El matrimonio adquirió dos locales en el centro de Pinamar, a los cuales refaccionó y acondicionó para desarrollar en ellos un Café Concert. Registraron el nombre Pinamarte con la idea de realizar la apertura presentando la obra La cama de la Damelia, escrita por Gustavo Núñez, unipersonal interpretado por Dalma. «Como suele pasasr con los proyectos autogestionados, nos quedamos faltos de dinero. Por supuesto, tu sabes la situación económica que se vive en Argentina en estos momentos… Eso hizo que estemos ahí, stand by, sin saber qué vamos a hacer. Nos dimos cuenta de que la actividad aquí se concentra en temporada de verano y que el resto del año la gente poco menos que hiberna, por lo cual no hay demasiado movimiento y eso repercute muy negativamente en la actividad cultural. Es decir, no existe un público que asista durante todo el año al proyecto que ideamos».
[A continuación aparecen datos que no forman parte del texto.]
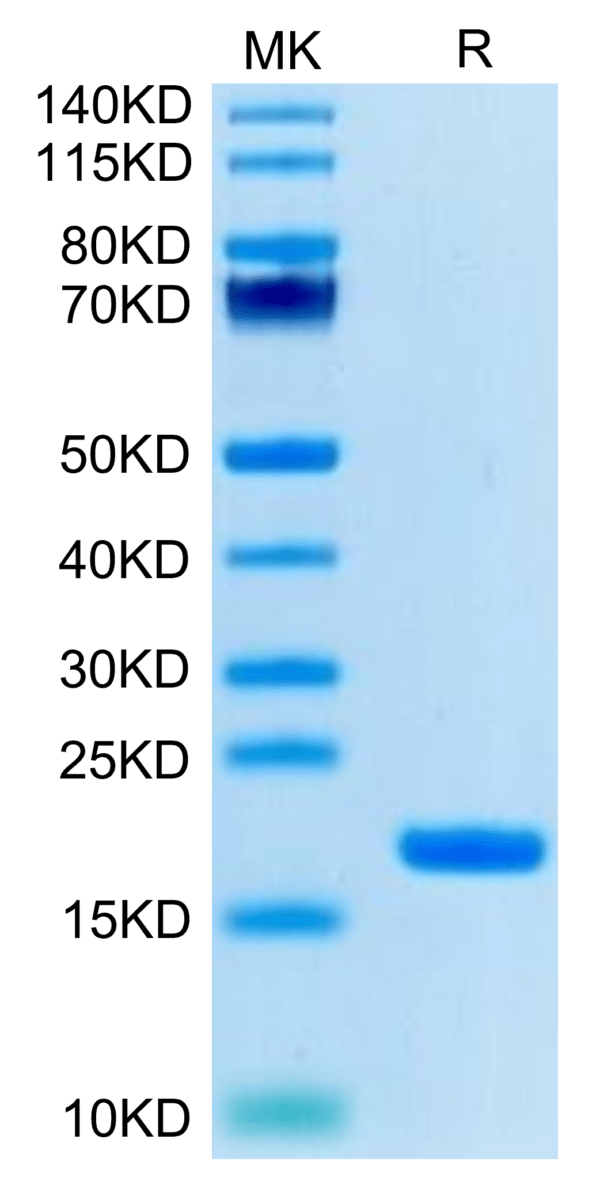 SDS-PAGE gel of Biotinylated Human IL-18 Protein (Primary Amine Labelin 3392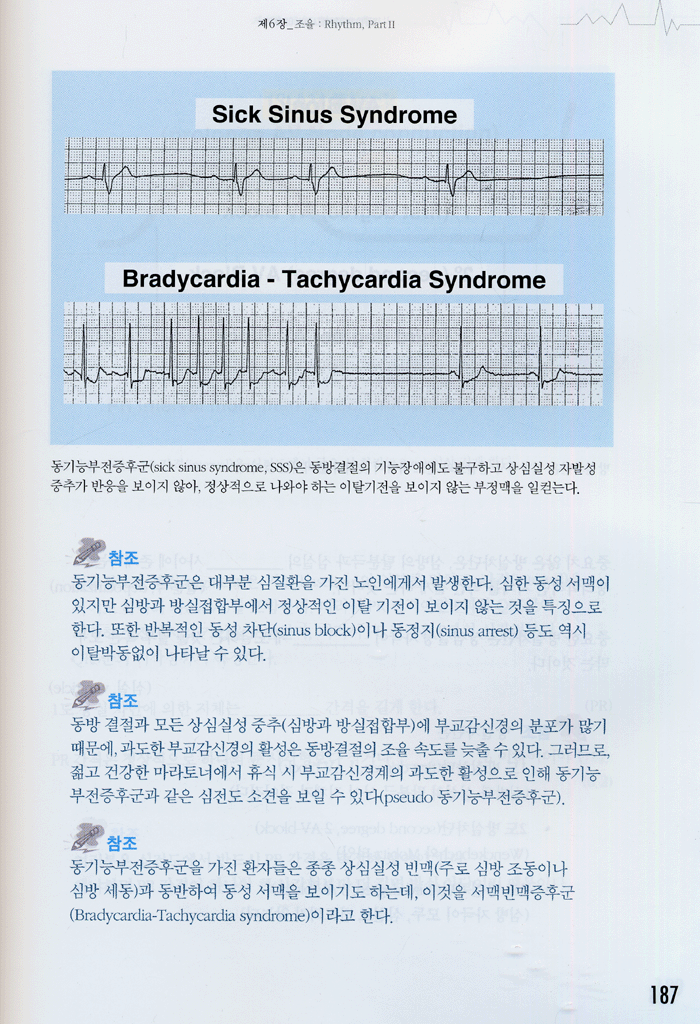 심전도 속성판독법 (군자)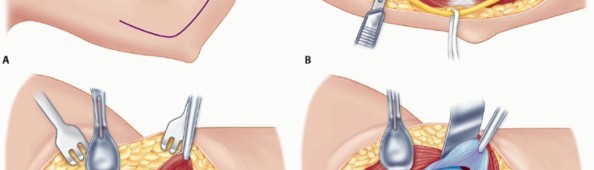 Illustration 55 for Surgical Approaches to Shoulder & Elbow: Pearls and Pitfalls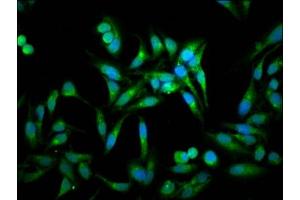 Immunofluorescence staining of Hela cells with ABIN7143230 at 1:100, counter-stained with DAPI. (ACOT1 Antikörper  (AA 258-350))
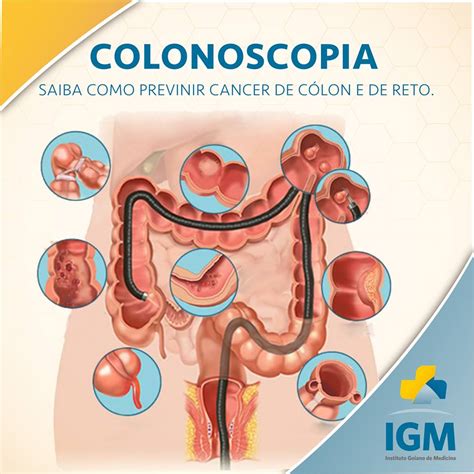 Papel da colonoscopia na prevenção do câncer de cólon e ...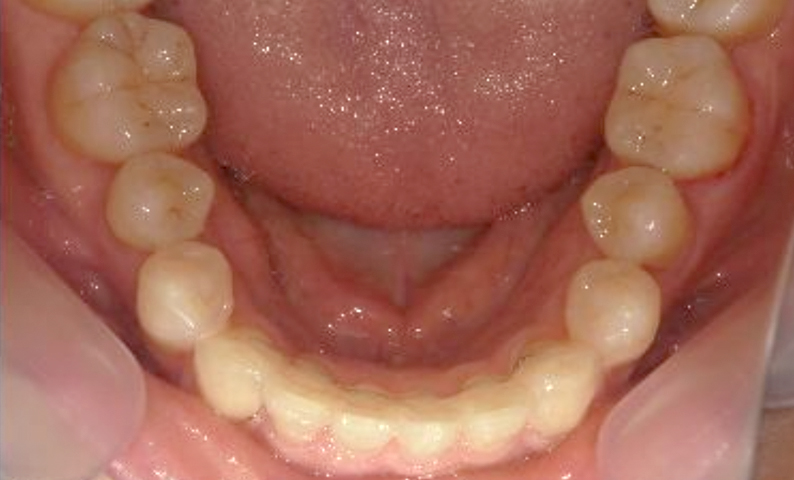 部分矯正 40代の症例写真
Siempre quise ser Bette Davis fue el primer unipersonal que realizó, en el que fue distinguida con el Premio Hugo al Teatro Musical en Capital Federal.
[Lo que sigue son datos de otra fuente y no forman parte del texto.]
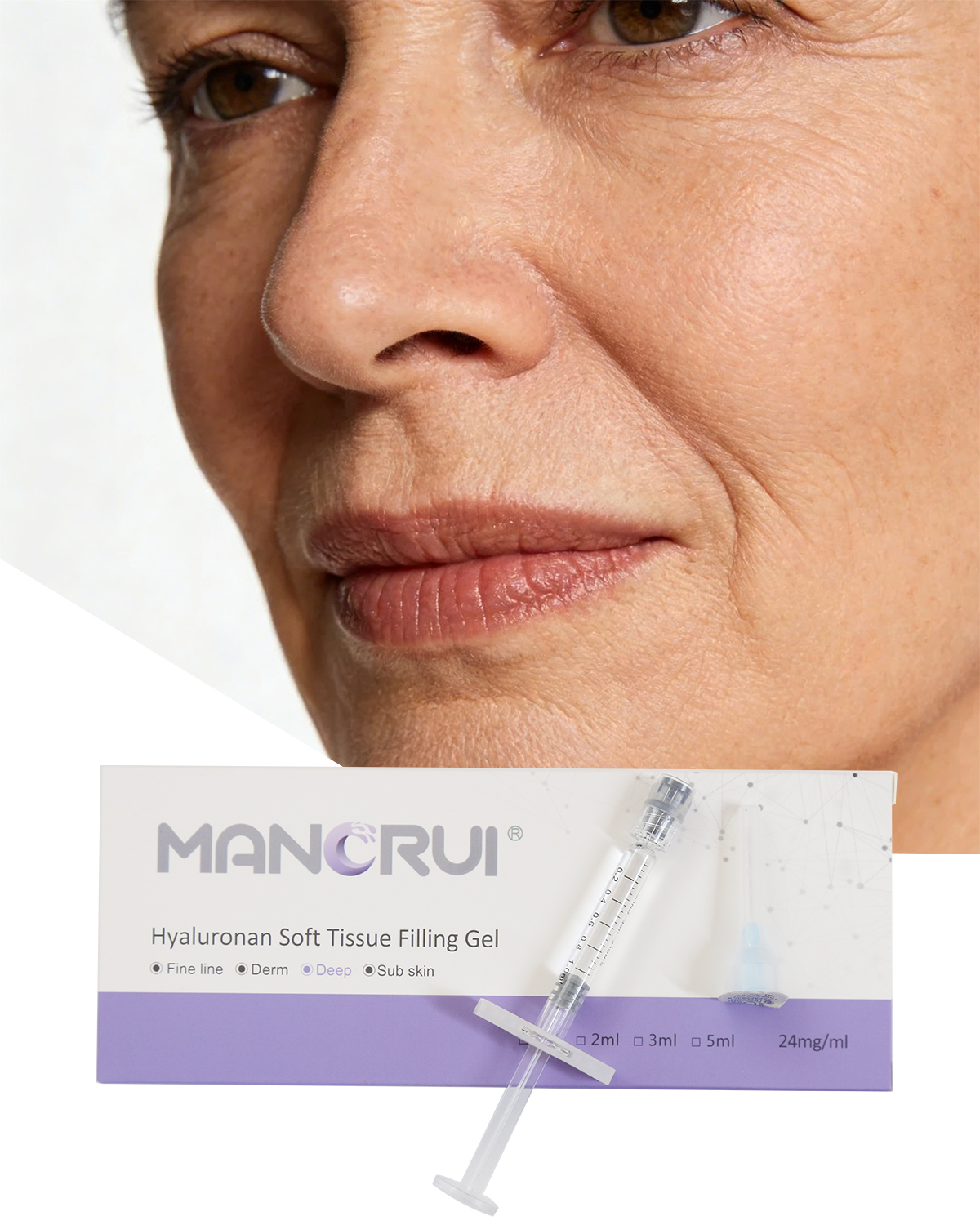 Deep 1ml Cross Linked Hyaluronic Acid Filler for Nose Shape, Chin Contour & Wrinkle Removal – Nasolabial, Marionette, Forehead Lines, Structural volume loss lines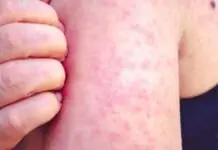 Measles outbreak, naideklara sadiay Lanao Del Sur, Maguindanao Del Norte ken Sulu
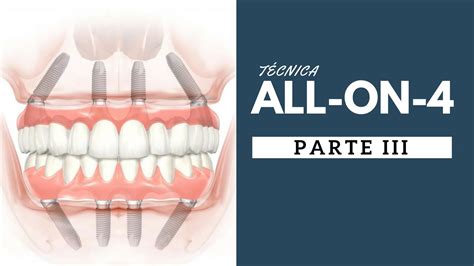 6 TÉCNICA ALL ON 4 PARTE 3 O mito de quanto mais implantes melhor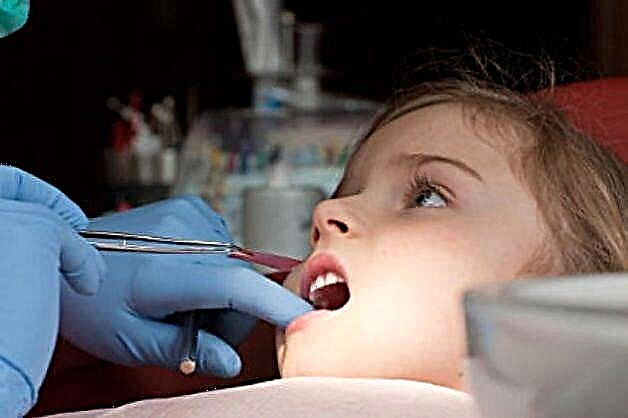 Trattamento della pulpite dei denti da latte nei bambini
Mudarse a Pinamar fue una decisión de vida. «Mi madre partió unos días antes de declararse la pandemia. Yo no salía de su dormitorio. Mi marido se preguntó: ‘¿Cómo saco a Dalma de esto?’, y como sabía que yo quería venir a pasar mis últimos años a Pinamar, arrancamos para acá. No fue fácil. Soy de las de antes. A mi casa la manejo yo, no dejo a mis animales en manos de nadie. Soy una mujer muy responsable».

VOLVER…

Hace varios años que Dalma no vuelve a Minas, más allá de que está en contacto permanente con familiares y amigos que aquí residen. «Cada 10 o 15 días hablo con mis tíos. Siempre me preguntan cuándo volveré a visitarlos. El tema es que aquí tengo muchos animales, mis perros, mis gatos, mi lora, mis plantas, los pájaros del parque, mi jardín de invierno que como tanto lo conozco sé cómo regarlo. Aún no encontré una persona de confianza como para tomarme unos días y quedarme tranquila, sin preocuparme por lo que esté sucediendo en mi casa. A su vez, Gustavo tiene un montón de cosas aquí, trabaja muchísimo en sus libros, en sus notas, en sus columnas para diarios argentinos y del exterior. A Minas la extraño mucho, a mis tíos, abrazarlos, para mi todo eso es sanador, caminar sus calles, ver la plaza… Un amigo de la familia es cura en la Catedral, Pablo Graña. Cuando fui la última vez me mostró el lugar donde había sido bautizada. Son cosas que me movilizan mucho, que te mueven el alma. Además, Minas está hermosa, es hermosa».

En la decisión de mudarse también influyó la escala de la ciudad. «Prefiero una ciudad chica y la vida tranquila, como en Minas. En Pinamar todos nos conocemos, es como vivir en familia, aunque como pasa en toda ciudad pequeña, todo corre como reguero de pólvora (risas)», expresó.

Agradecimos a Dalma y Gustavo por su amabilidad. «Gracias por acercarme a uno de los lugares más amados de mi vida», nos respondió la artista, punto final de esta entrevista.